RF: これまでずっと疎遠になっていた祖母と近づくことができたのは、祖父の葬式の時でした。その時に祖母が私のところにやって来たんです。そこからすべてが始まりました。私は亡くなった祖父のことを何も知らなかった、ほとんど何の接触もないままあの世へ行ってしまったんです。これは祖母に関しても同じような状況になりえる、という気持ちが芽生えてきて、祖母と何らかの関係を築きたいと、すぐに思ったんです。もうひとつの背景として、私は当時地下でひとりで住んでいて、家族ともまったく連絡を取っていませんでした。祖母の方も姉妹がすべて亡くなってしまい、ふたりともとても孤独な状態でした。だから、よけいにお互いの心が求めあっていたのかな、というような気がします。
Q: 久しぶりの再会にもかかわらず、おばあさんとの会話はとてもフランクなものですね。
RF: 一言でいうと、お互いが何も知らないがゆえに、オープンになれるという状況があると思います。向こうも私のことを何も知らないし、彼女も私のことを何も知らない。ただし、私たちは血縁関係で結ばれているわけですから、そこにはしっかりとした信頼関係というものが当然初めからありました。そして何よりも一番の救いだったのは、祖母が本当に自分の気持ちを正直に、最初から自分の気持ちを正直に伝えてくれたことです。これにより、彼女とより深い信頼関係を築けているのではないでしょうか。また、15年間という空白の期間があったがゆえに、私たちは祖母と孫という関係ではなく、友だちという関係が築けたということもあります。お互いに気を使ったりとか、フォーマルな形で接する必要もないですし、まったく互いの心を許せる関係を結べたというのはおもしろい経験でした。
Q: 何年もの間おばあさんにカメラを向けていて辛かったこと、カメラを向けるのを止めたくなった時はありませんでしたか?
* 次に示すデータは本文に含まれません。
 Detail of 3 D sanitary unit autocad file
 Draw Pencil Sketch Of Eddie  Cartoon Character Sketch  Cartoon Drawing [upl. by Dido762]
RF: 祖母が精神的にとても辛い状況になって泣き出すということが、実際にカメラの前で起こるのを見て、それも撮り続けていいのだろうかと思ったことは、何回もありました。しかし、考え直してみるとそれが彼女の本当のスピリットなのではないのだろうかと思ったのです。祖母はカメラが廻っていることを知りながらも、自分の感情を隠さないで泣いたりしている。それは私から見るとある意味彼女にとっての勇気ではないかと理解するようになったのです。その彼女の勇気、正直さ、純粋さというのをカメラに収めることができた気がします。しかし、祖母の尊厳というのは守りたかったし、歳をとり、認知症が悪化するといった、彼女が持つ弱みに彼女自身が負けてしまったというふうには、見せたくありませんでした。祖母は弱ってきていましたが、見る人は、祖母のスピリット、祖母の魅力的な人柄、私たちがいまだに持ち続けている非常に珍しい関係を楽しんでいます。人々が笑う時、彼らは祖母の弱さをあざ笑っているのではなく、どんな個人的なことをも超えた、人生の不条理さを笑っているのです。この映画が、世界中のどこに行ってもわかってもらえる映画であることを願っています。それが私の目標でした。